I found the 3 series "twitchy" rather than accurate and the seat controls, footwells (tiny!) and ergonomics were not to my liking (awful!). gearbox was ok though with well timed changes.
The jag was nice to drive, well damped but the infotainment was crap and really slow. dashboard was a bit ;-/ ...placing the boot release next to the lane assist button . Gearbox was utter sh*te though and had a horrible lag before downshifts.
Alfa felt like an italian 3 series inside but it had decent ergonomics (yeah i know!! italian!). It also felt really agile. the damping was defintely on the firm side but of the 3 it was by FAR the best to drive. the gearbox was always ready with the right gear, in dynamic mode the changes were almost telepathic. the steering is spectacular...so fast and delicate. It was the only car of the 3 i consistently chose to take the long road home even adding an hour to my journey by going down from inverness via the A82 just for shits and giggles.
Is Alfa back?
I test-drove the 150hp diesel and the 200hp petrol Giulia. Only the 200hp car got 1 out 3 of my preferences, the automatic, turbo-diesel none. Which somehow I preferred. Quiet, smooth, eager, zippy, seamless gear changing, I was shocked! The petrol had even more go, but was not smoother, somehow. Maybe it was just the particular ones I drove. There was nothing big I disliked, in fact on the main issues, wow! The chassis? Wow! I didn't like the fuel/temp gauges and the limited info per screen selection- couldn't have trip computer and outside temp for example- unless it can be changed in the settings.
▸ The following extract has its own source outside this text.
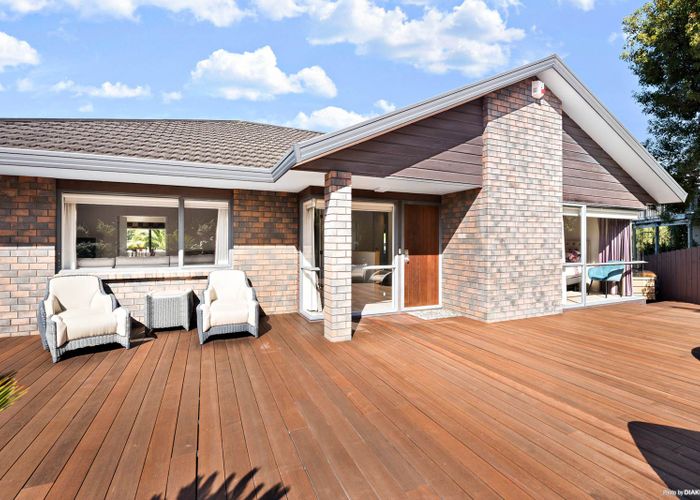  at 8 Crestview Place, Browns Bay, Auckland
I liked the article and I am not sure why there are so many negative comments about each person's preferences? Cars have to fulfill multiple roles, with different interpretations of those roles and of course completely different priorities. The XE does have less rear room and boot space. But should that count against it for me when only a few times a year I have more than 1 passenger?
Now because I know Alfa will be reading this, here is their next car: a compact Giulia/slightly longer Giulietta, with a notch-back for practicality (a la Alfasud Sprint/4-series), cloth seats, a great stereo and of course mine in Alfa rosso. Oh, manual, petrol multi-jet non-turbo, with decent real-world economy/emissions.
Hah!
This article is spot on about Nic's writing in particular
https://driventowrite.com/2016/06/02/when-words-collide/
"No, the prime beef here is Nic Cackett’s verbal prolixity; a verboseness that steadfastly ploughs through the rev limiter of verbiage, crosses the central reservation of garrulousness, before mounting the barriers of tautology and smashing to pieces in a shower of pleonasm. Yes indeed, with this piece Mr. Cackett, our Cup truly runneth over."
But regarding this actual test, what I have been able to surmise/extrapolate from the sea of word vomit, is that the Giulia is quicker, lighter, just as good to drive, better looking (subjectively), but that the main knob for controlling the infotainment doesn't feel as nice to hold, so the whole car isn't as good. Seem about right?
I own a BMW btw - M135. Have driven 3 series etc, the interiors aren't THAT good in terms of build quality/rattles etc. Where BMW are leagues ahead though is engines imo. However, from the article it seems the new multijet gets high praise also.
Come time for my next car the Giulia will be a serious contender, particularly when the 280hp petrol arrives. However, this car press bias really needs called out.